Arrest! Need it be said that it is a breaking point in your life, a bolt of lightning which has scored a direct hit on you? That it is an unassimilable spiritual earthquake not every person can cope with, as a result of which people often slip into insanity?
The Universe has as many different centers as there are living beings in it. Each of us is a center of the Universe, and that Universe is shattered when they hiss at you: “You are under arrest.”
If you are arrested, can anything else remain unshattered by this cataclysm?
But the darkened mind is incapable of embracing these displacements in our universe, and both the most sophisticated and the veriest simpleton among us, drawing on all life’s experience, can gasp out only: “Me? What for?”
And this is a question which, though repeated millions and millions of times before, has yet to receive an answer.
Arrest is an instantaneous, shattering thrust, expulsion, somersault from one state into another.
We have been happily borne—or perhaps have unhappily dragged our weary way—down the long and crooked streets of our lives, past all kinds of walls and fences made of rotting wood, rammed earth, brick, concrete, iron railings. We have never given a thought to what lies behind them. We have never tried to penetrate them with our vision or our understanding. But there is where the Gulag country begins, right next to us, two yards away from us. In addition, we have failed to notice an enormous number of closely fitted, well-disguised doors and gates in these fences. All those gates were prepared for us, every last one! And all of a sudden the fateful gate swings quickly open, and four white male hands, unaccustomed to physical labor but nonetheless strong and tenacious, grab us by the leg, arm, collar, cap, ear, and drag us in like a sack, and the gate behind us, the gate to our past life, is slammed shut once and for all.
That’s all there is to it! You are arrested!
And you’ll find nothing better to respond with than a lamblike bleat: “Me? What for?”
That’s what arrest is: it’s a blinding flash and a blow which shifts the present instantly into the past and the impossible into omnipotent actuality.
That’s all. And neither for the first hour nor for the first day will you be able to grasp anything else.
Except that in your desperation the fake circus moon will blink at you: “It’s a mistake! They’ll set things right!”
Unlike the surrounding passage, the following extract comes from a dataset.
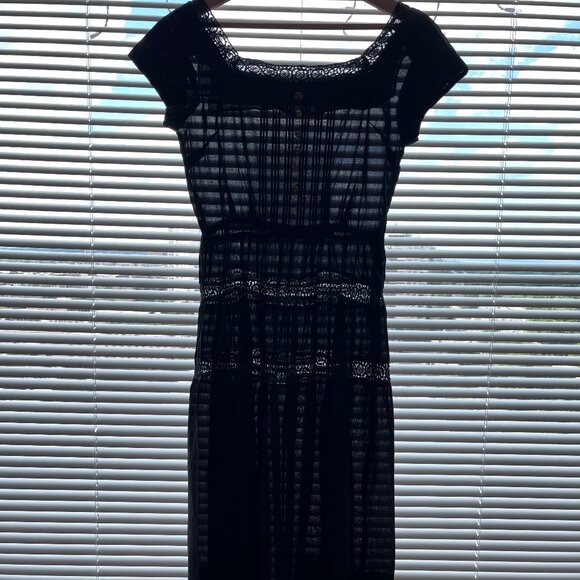 Rare! VINTAGE Crochet Dress Tiered Skirt Whimsigoth Fairy Grunge Sheer Size 6 - Picture 10 of 15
And everything which is by now comprised in the traditional, even literary, image of an arrest will pile up and take shape, not in your own disordered memory, but in what your family and your neighbors in your apartment remember: The sharp nighttime ring or the rude knock at the door. The insolent entrance of the unwiped jackboots of the unsleeping State Security operatives. The frightened and cowed civilian witness at their backs. (And what function does this civilian witness serve? The victim doesn’t even dare think about it and the operatives don’t remember, but that’s what the regulations call for, and so he has to sit there all night long and sign in the morning. For the witness, jerked from his bed, it is torture too—to go out night after night to help arrest his own neighbors and acquaintances.)
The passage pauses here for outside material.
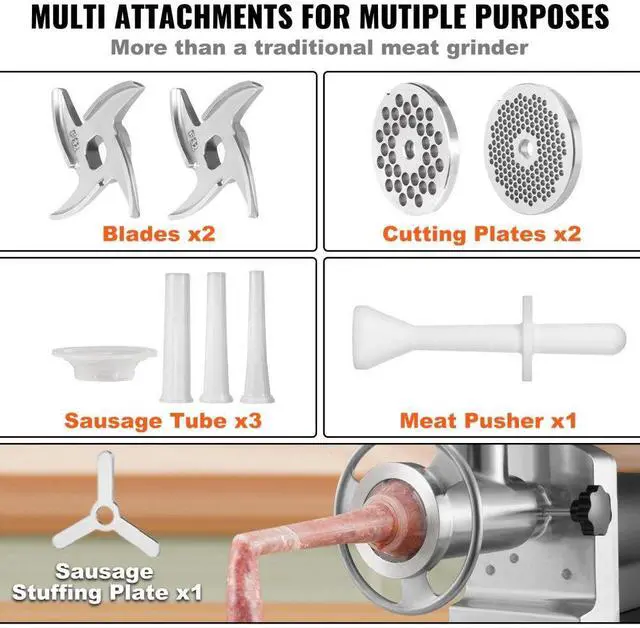 Alt view image 4 of 14 - VEVOR Heavy Duty Electric Meat Grinder 992 Lb/H Capacity 1100W Sausage Stuffer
The traditional image of arrest is also trembling hands packing for the victim—a change of underwear, a piece of soap, something to eat; and no one knows what is needed, what is permitted, what clothes are best to wear; and the Security agents keep interrupting and hurrying you:
“You don’t need anything. They’ll feed you there. It’s warm there.” (It’s all lies. They keep hurrying you to frighten you.)
The traditional image of arrest is also what happens afterward, when the poor victim has been taken away. It is an alien, brutal, and crushing force totally dominating the apartment for hours on end, a breaking, ripping open, pulling from the walls, emptying things from wardrobes and desks onto the floor, shaking, dumping out, and ripping apart—piling up mountains of litter on the floor—and the crunch of things being trampled beneath jackboots. And nothing is sacred in a search! During the arrest of the locomotive engineer Inoshin, a tiny coffin stood in his room containing the body of his newly dead child. The “jurists” dumped the child’s body out of the coffin and searched it. They shake sick people out of their sickbeds, and they unwind bandages to search beneath them.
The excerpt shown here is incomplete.